Dataset extract —
++++++++++

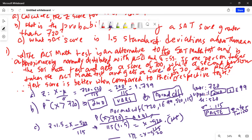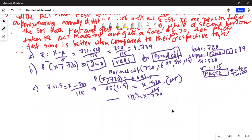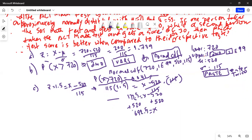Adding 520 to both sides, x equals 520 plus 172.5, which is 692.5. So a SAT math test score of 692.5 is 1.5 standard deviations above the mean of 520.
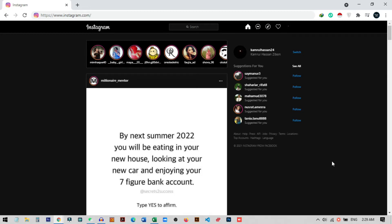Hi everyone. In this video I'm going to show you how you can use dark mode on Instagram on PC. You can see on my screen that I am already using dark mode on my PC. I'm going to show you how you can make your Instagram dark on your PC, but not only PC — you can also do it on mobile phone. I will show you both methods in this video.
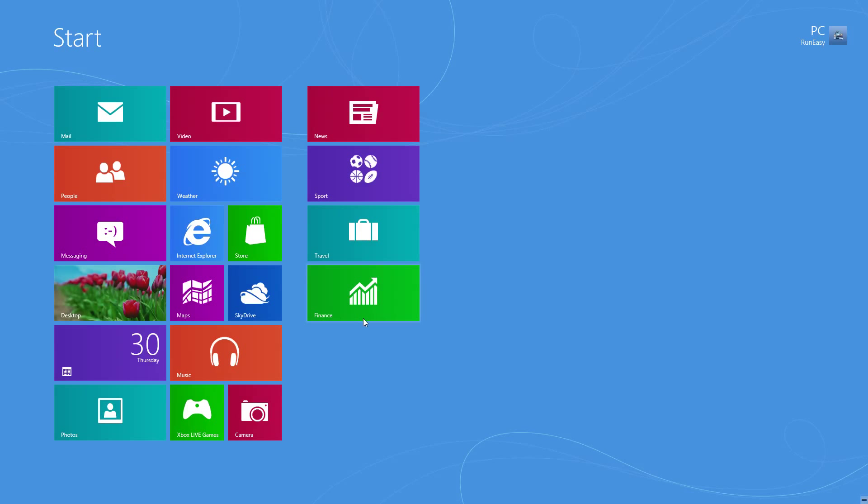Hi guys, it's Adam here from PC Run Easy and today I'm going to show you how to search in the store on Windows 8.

++++++++++

Aim of the task — Restate word for word the lines from the one containing "Hi everyone. In" through the end of the material above, both included, and nothing besides; drop the pictures.

Result of the task —
Hi everyone. In this video I'm going to show you how you can use dark mode on Instagram on PC. You can see on my screen that I am already using dark mode on my PC. I'm going to show you how you can make your Instagram dark on your PC, but not only PC — you can also do it on mobile phone. I will show you both methods in this video.
Hi guys, it's Adam here from PC Run Easy and today I'm going to show you how to search in the store on Windows 8.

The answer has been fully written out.